Che piani avete adesso e come volete continuare ad ispirare le persone con il vostro motto “It’s never too late”?


Il nostro piano è quello di continuare a lavorare con Trip’n’Roll. L’obiettivo iniziale era quello di fare della nostra passione un lavoro e con il nostro viaggio abbiamo messo le basi, ma la strada è ancora lunga e va benissimo così così. Adesso che siamo fermi possiamo dedicarci veramente a tutti i progetti che ci sono per far crescere il blog e a studiare.


In tutto ciò vogliamo continuare ad ispirare ed aiutare le persone tramite i nostri video e consigli. Ci sono tanti ragazzi che ci scrivono e ci chiedono: Come avete fatto a trovare il coraggio? Anche vorrei fare questo e quest’altro ma ho paura.

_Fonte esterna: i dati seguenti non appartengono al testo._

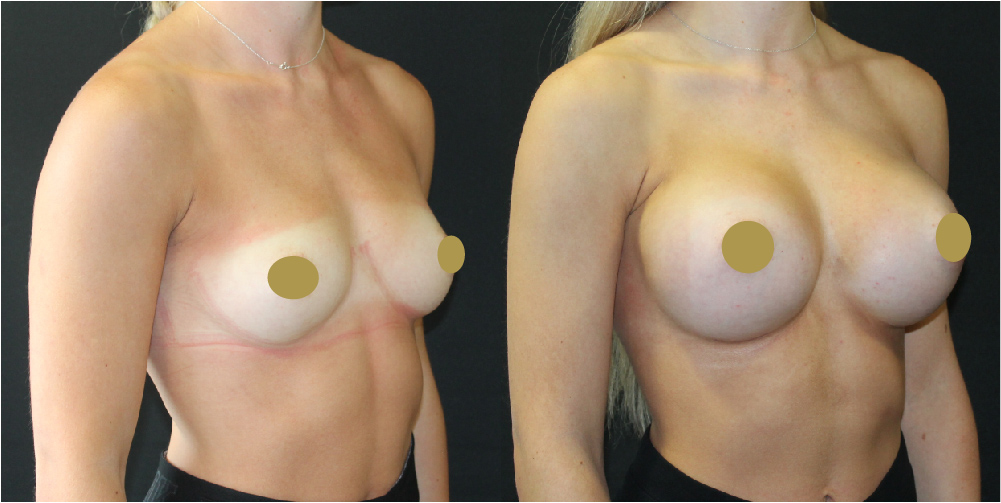 Breast Augmentation Before & After Image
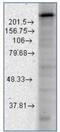 Calcium Voltage-Gated Channel Subunit Alpha1 H antibody, NBP1-22444, Novus Biologicals, Western Blot image 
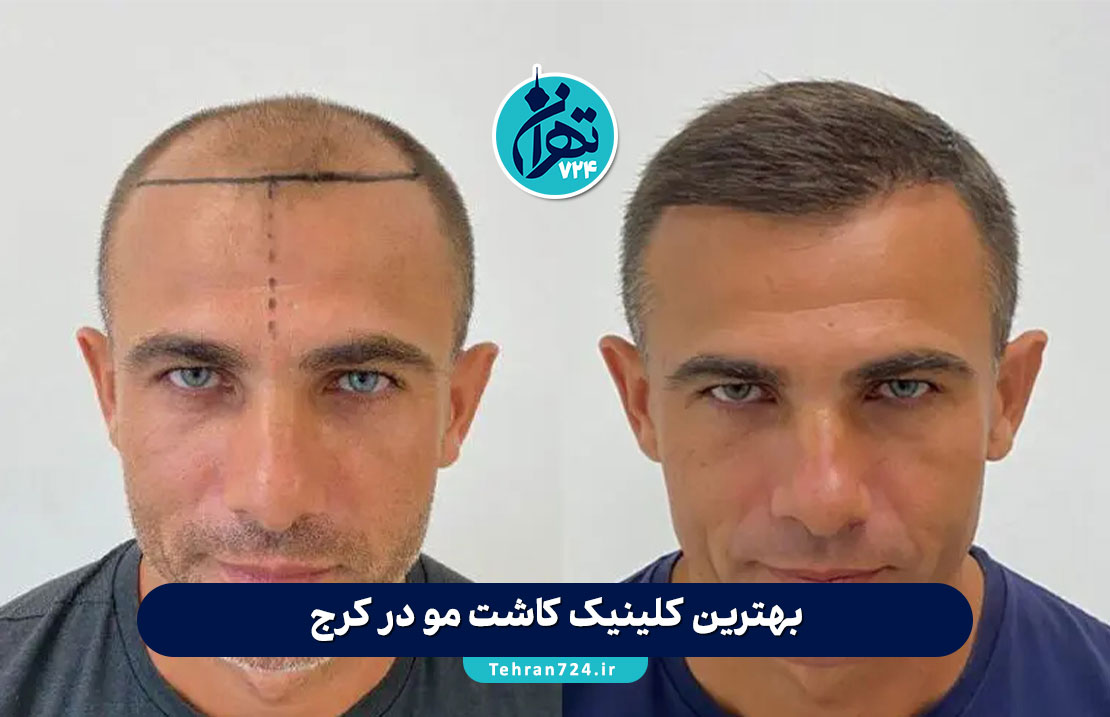 بهترین کلینیک کاشت مو در کرج 1405 | معرفی ۶ مرکز برتر با آدرس، خدمات و شماره تماس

Ovviamente non suggeriamo per forza di mollare tutto e partire per tre anni come abbiamo fatto noi. Consigliamo sicuramente di fare dei sacrifici. Inizialmente si può tenere il lavoro che si odia e magari studiare tutte le sere. Altrimenti si può anche richiedere un part time ed iniziare a ritagliarsi un po' di tempo per se stessi. Non vogliamo mentire, c'è da farsi il mazzo, impegnarsi e fare tanti sacrifici per essere felici.


Adesso ci siamo dati un anno di tempo per capire cosa ne sarà di Trip’n’Roll. Purtroppo questa pandemia ci ha messo i bastoni tra le ruote, ma non ci demoralizziamo, guardiamo sempre il lato positivo e non molliamo mai.